#### Input material
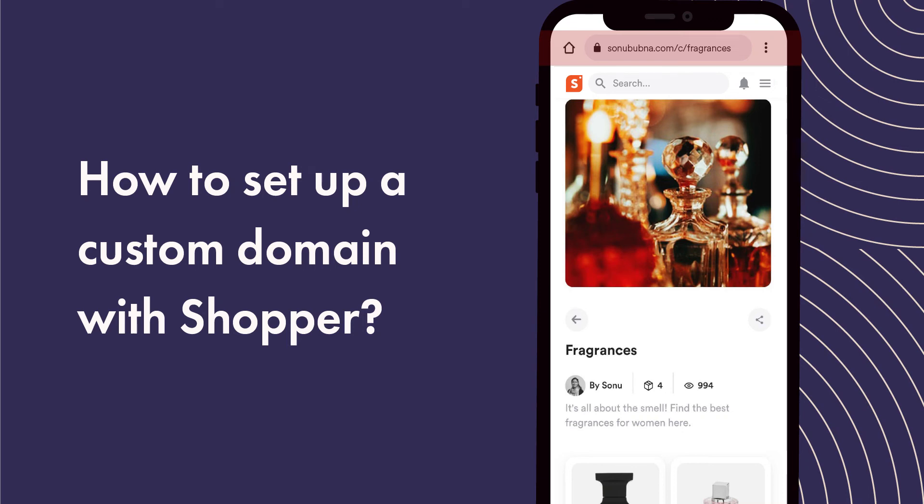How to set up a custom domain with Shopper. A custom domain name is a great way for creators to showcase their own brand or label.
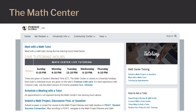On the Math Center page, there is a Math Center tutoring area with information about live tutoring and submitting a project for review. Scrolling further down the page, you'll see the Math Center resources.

* * *

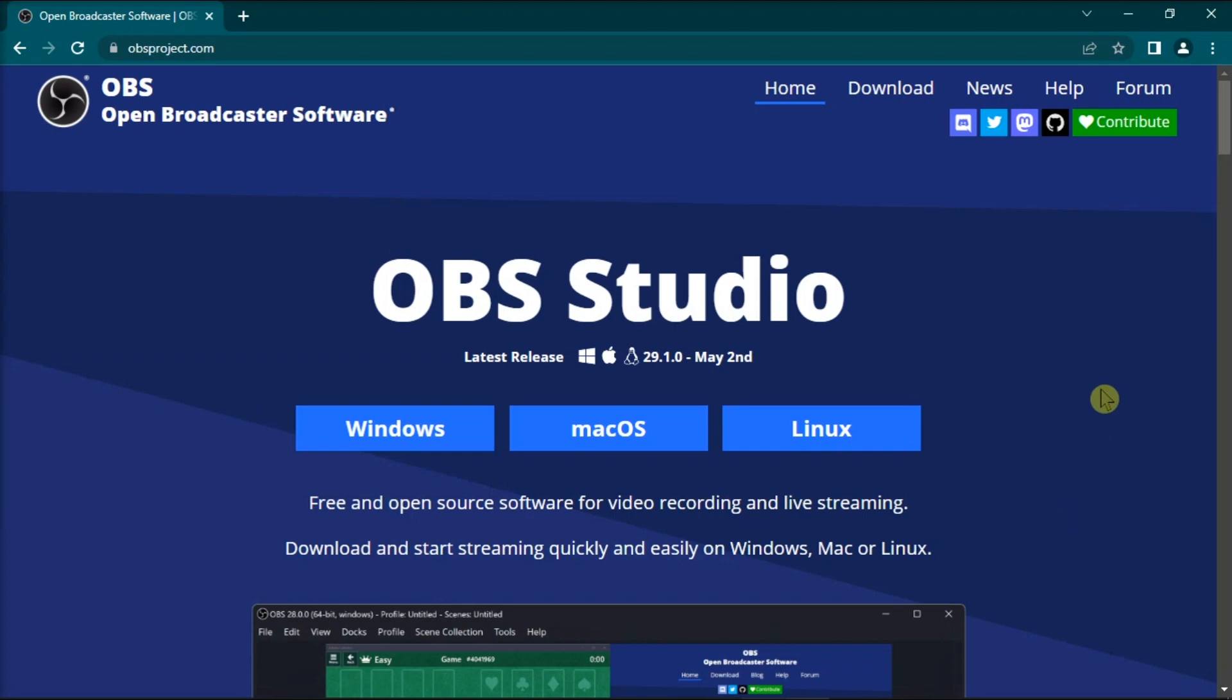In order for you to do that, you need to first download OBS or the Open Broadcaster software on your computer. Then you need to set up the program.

---

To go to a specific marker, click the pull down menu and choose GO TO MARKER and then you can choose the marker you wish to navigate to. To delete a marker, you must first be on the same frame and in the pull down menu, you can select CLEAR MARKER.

#### Task brief
What are the lines above from the one with "How to set up" to the one with "On the Math", both included? Reproduce them exactly, without pictures.

#### Reply to the task
How to set up a custom domain with Shopper. A custom domain name is a great way for creators to showcase their own brand or label.
On the Math Center page, there is a Math Center tutoring area with information about live tutoring and submitting a project for review. Scrolling further down the page, you'll see the Math Center resources.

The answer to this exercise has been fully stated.